Самуил вытащил подол рубашки из брюк, обнажив смуглую кожу живота, прилипшего к позвоночнику. По нему можно было изучать анатомию, у этого человека не наблюдалось мышц, вместо них были перевитые веревки, собранные в узлы и выпуклости на каркасе костей.
Накипь розового заката клубилась в его влажных глазах, и великое мщение раздирало рот торжествующей улыбкой.
– Я сложил деду руки, велел домашним готовиться к поминкам, повесил на грудь плакат. На картонке губной помадой жены, гораздо более яркой, чем кровь моего деда, я написал: «НКВД, ты убил моего деда, отдай мне моего отца. Он никогда не был шпионом и врагом народа».
Я прошел у здания НКВД дважды. Какой-то чин разглядывал меня из подъезда и смеялся, он позвал других. Они показывали на меня пальцем, крутили пальцем у виска и щелкали пальцем, делая вид, что стреляют. Потом они послали сотрудника проверить мои документы. Он страшно потел и волновался. Взяв мой паспорт, ушел в здание.
Я шел и тихо пел свадебную песню евреев. Это была моя свадьба со смертью, но вместо нее на торжество пришли другие, в белых халатах угрюмые люди.
Самуил привстал и деловито плюнул в лицо генералиссимуса, посмотрел, как текут по стеклу его старые, мутные слюни, остался доволен и стер подтеки рукавом рубашки.

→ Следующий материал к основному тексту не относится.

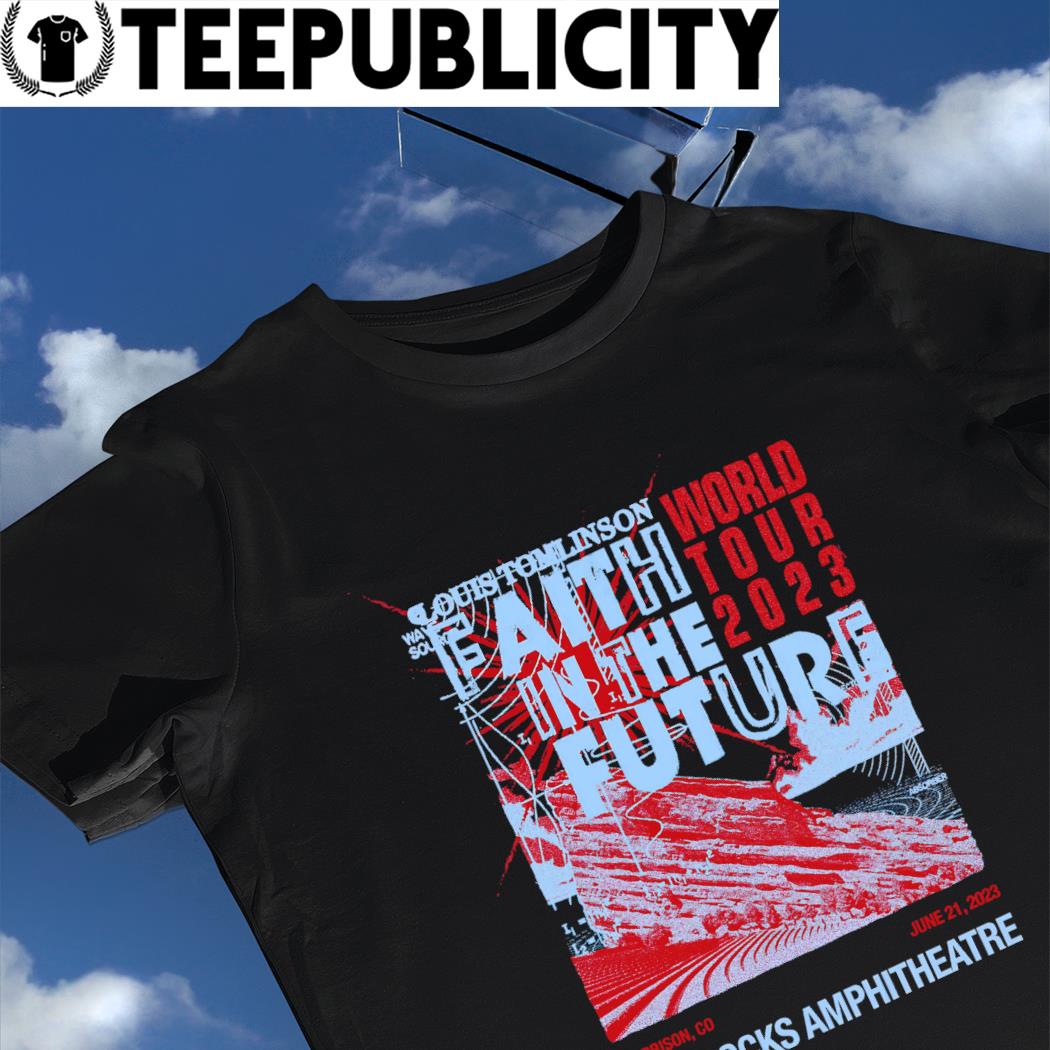 Louis Tomlinson World Tour Shirt, Faith In The Future Tour 2023 Sweatshirt  Tee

– Меня отвезли в лечебницу. Там были здоровые люди, если судить по тем временам. Они не носили плакатов и портретов вождей, не занимались физкультурой.
Никто не пел гимнов и не писал доносов. Они тихо болели душой, и мне было среди них хорошо. Иногда они кидались драться, кусались, но это было по причине – не так посмотрел, не то сказал. Но они не пытались меня убить, а когда я начинал плакать, то плакали все. Они сострадали друг другу больше, чем там, на воле, среди здоровых людей.
Со мной беседовал врач, бородатый уголовник-упырь в пенсне, с мясистыми и оттопыренными ушами преступника. Он допытывался, зачем мне надо было ходить с плакатом, выдергивал у меня волосы и рассматривал пряди на свет лампы. Я молчал, тогда он вызывал санитаров, и они ставили меня под холодный душ.
Это очень больно, когда холодная вода выстреливает в тебя из узкого наконечника, бьет в пах, в живот, спину, лицо. Садист в халате оттопыривал губу и складывал на животе руки, ему были приятны моя нагота и корчи. Санитары «ухали» и старались ему угодить.
Я был здоров, и врач это понял сразу, но он не отдавал меня НКВД для того, чтобы услышать от меня хоть что-то. Я молчал полгода. И первое слово, которое он услышал, это было слово: «Боже!» Я сказал его потому, что не мог не сказать – врач сообщил мне, что арестована жена, двое моих сыновей и тетка. Они тоже с плакатами пошли к зданию. Врач хихикал и вырывал мои волосы.
Самуил показал на животе большой косой шрам, начинающийся от выпуклого пупка и уходящий куда-то вниз.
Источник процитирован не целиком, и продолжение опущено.